Ieri sera sono riuscito a prenotare un’attività che non potevo lasciarmi scappare e quindi stamattina all 6.15 eravamo già sullo scoglio di Kimud Sohal, lo stesso di ieri, pronti a immergerci. Questa volta ho preso una guida privata e gli ho dato una direttiva ben precisa: non mi interessano gli squali volpe. Sono tornato sulla secca per andare a scoprire cosa ci fosse in basso, sulla batimetrica dei 40 metri. Ho avuto una buona intuizione. Erano lì i giganti snapper, le cernie negli anfratti e i gruppi di dozzine di caranghi cavallo. Tutti i grandi predatori, inclusi gli squali, erano lì, nella leggera corrente che percorreva il muro di roccia. Gli squali volpe a quella profondità non si preoccupano più dei sub e fanno i loro giri indisturbati. Di solito non mi interesso particolrmente dei pesci durante le immersioni, mi appassiona di più visitare relitti, grotte e formazioni rocciose particolari. Le molte specie che ho visto oggi e le condizioni sfidanti dell’immersione profonda mi hanno fatto apprezzare molto questa esplorazione subacquea.
Oggi, però, è sabato e dunque il fondo marino non è la cosa più spettacolare che avrei visto. Uno dei marinai della barca sub mi ha invitato alla lotta dei galli. Al rientro a terra abbiamo preso il suo motorino e siamo partiti per l’arena. Sull’isola le case sono principalmente di legno e c’è un unico generatore. L’acqua che esce dal lavandino delle capanne è salmastra, e non è scontato che ci sia acqua, né che ci sia il lavandino. L’arena dei galli è un’infrastruttura moderna, in cemento, con spalti in acciaio, un sistema audio potente con microfono wireless. È chiaramente un’attività importante.
Accanto c’era uno spiazzo sterrato all’ombra di un grande albero in cui i proprietari dei galli si mettono in cerchio, accovacciati con in braccio il loro campione, per confrontarli per taglia e per esperienza e dunque formare le coppie di sfidanti. I galli sono bellissimi, snelli e con grandi penne colorate e brillanti sulla coda. Sono chiaramente tenuti come dei gioielli preziosi.

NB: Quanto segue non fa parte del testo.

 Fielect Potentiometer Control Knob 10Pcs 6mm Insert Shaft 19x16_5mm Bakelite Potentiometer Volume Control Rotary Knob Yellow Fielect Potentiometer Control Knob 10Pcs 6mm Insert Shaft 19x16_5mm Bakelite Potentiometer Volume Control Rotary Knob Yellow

Una volta scelta la coppia si passa alla vestizione. Quello che avevo ignorato fino a oggi era come facciamo due galli a combattere fino alla morte. Ho trovato la mia risposta nello sperone affilatissimo che gli viene montato sul retro di una zampa. I galli, preparati alla battaglia ma inconsapevoli del rischio che correranno nei prossimi minuti, entrano nell’arena con i loro preparatori atletici. Vengono mostrati al pubblico sui quattro lati del ring perché ognuno possa fare le sue valutazioni sulla taglia. Ancora nella presa salda dei proprietari vengono portati al centro, posizionati faccia a faccia per mostrare la loro furia che potrebbero scatenare contro l’avversario. Drizzano le penne del collo come criniere di leoni e provano ad attaccare. Per farli arrabbiare ancora di più, a turno vengono immobilizzati per lasciare che l’avversario gli dia qualche beccata in mezzo alla gola. Intanto negli spalti tutti gli uomini del paese hanno iniziato ad alzare la voce. C’è chi urla “biya biya biya biya” e c’è chi urla “inilog inilog inilog”, rispettivamente per piazzare le scommesse su uno o l’altro gallo. Io mi sono astenuto dallo scommettere per un motivo molto importante: dovevo prima capire come funzionava. Dalla seconda in poi ho scommesso su quasi ogni battaglia. Il ragazzo del diving era il mio bookmaker. Dal mio gradino in alto gli indicavo su quale gallo riponessi la mia fiducia e con le dita gli indicavo il valore della scommessa. Erano alte le scommesse, specialmente se messe a confronto col prezzo del cibo. 300-500-1000 pesos significava 4-8 pasti completi. Invece per il proprietario del pollo vincente il pasto era gratis perché si accaparrava la carcassa di quello perdente. Mi hanno spiegato però, che è sempre un rischio mangiarla perché prima del combattimento i galli vengono dopati endovena per essere più cattivi e ogni tanto qualcuno dopo cena finisce per sentirsi male.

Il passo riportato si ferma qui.